Números levantados pelo economista Marcos Mendes revelam uma trajetória crescente das despesas obrigatórias nos últimos 25 anos. Com o envelhecimento da população e a vinculação dos benefícios à correção do salário mínimo, os gastos previdenciários somaram R$ 798 bilhões neste ano, ou 45% das despesas obrigatórias. Completam as despesas obrigatórias a folha de pessoal, os benefícios assistenciais, o abono salarial e o seguro-desemprego, gastos que tendem ao “automatismo”, como definiu o subsecretário de Assuntos Fiscais do Ministério da Economia, Fábio Pifano Pontes, uma vez que seu crescimento se dá de forma praticamente autônoma. O resultado é que os gastos obrigatórios avançam e consomem cada vez mais o espaço das despesas discricionárias no Orçamento, reduzindo os investimentos a patamares pífios. Não fossem os efeitos da reforma da Previdência aprovada em 2019, o fim da política de reajustes reais ao salário mínimo a partir de 2017 e a suspensão dos aumentos salariais no início da pandemia de covid-19, as despesas obrigatórias já teriam consumido toda a parcela dos gastos discricionários no Orçamento.
Uma análise mais profunda sobre a composição do gasto público expõe problemas antigos e que se agravaram exponencialmente nos últimos anos, como a dificuldade que o Congresso tem para assumir escolhas que proporcionem mais eficiência ao Orçamento. Do lado da despesa, um dos casos mais famosos é o do abono salarial, política criticada por praticamente todos os especialistas em contas públicas, que custa nada menos que R$ 20 bilhões anuais e corresponde a um 14.º salário. É incompreensível que o País mantenha uma política pública tão cara e anacrônica, direcionada a uma parcela da população que tem emprego e que conta com a proteção social garantida aos que estão no mercado formal, quando o governo não consegue encontrar uma forma de garantir, em 2023, a vigência do piso de R$ 600 para o Auxílio Brasil, programa social destinado às famílias mais vulneráveis. Do lado das receitas, o Congresso também se mostra historicamente refratário a adotar medidas na direção da promoção de maior justiça tributária e social e incapaz de rever qualquer benefício fiscal.
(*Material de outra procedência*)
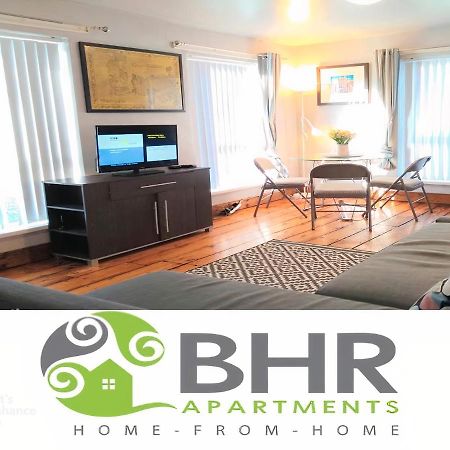Perfect Central City Location - Parking - 3 Beds - 2 Bedrooms Belfast Extérieur photo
Como se não bastasse a inação em relação à natureza do gasto público, mais recentemente o Legislativo passou a recorrer a manobras contábeis. Agora, os parlamentares reduzem a parcela das despesas obrigatórias no papel para aumentar artificialmente as verbas reservadas para emendas individuais, de bancada e as transferências diretas para Estados e municípios, conhecidas como emendas Pix. Deputados e senadores avançaram também sobre a parcela de despesas discricionárias por meio das emendas de relator, que em tese podem ser bloqueadas, mas na prática nunca o são. Símbolo de ineficiência, patrimonialismo e falta de transparência, elas devem atingir quase R$ 20 bilhões no ano que vem. Tamanha rigidez do gasto público destaca não apenas a necessidade de reformas para rever as despesas do Executivo nas áreas administrativa e tributária. Reforça também a importância de eleger lideranças capazes de encarar os problemas do País com o grau de realismo que se exige e de pagar o preço político de soluções estruturais que visam a garantir ao País um futuro melhor do que o presente.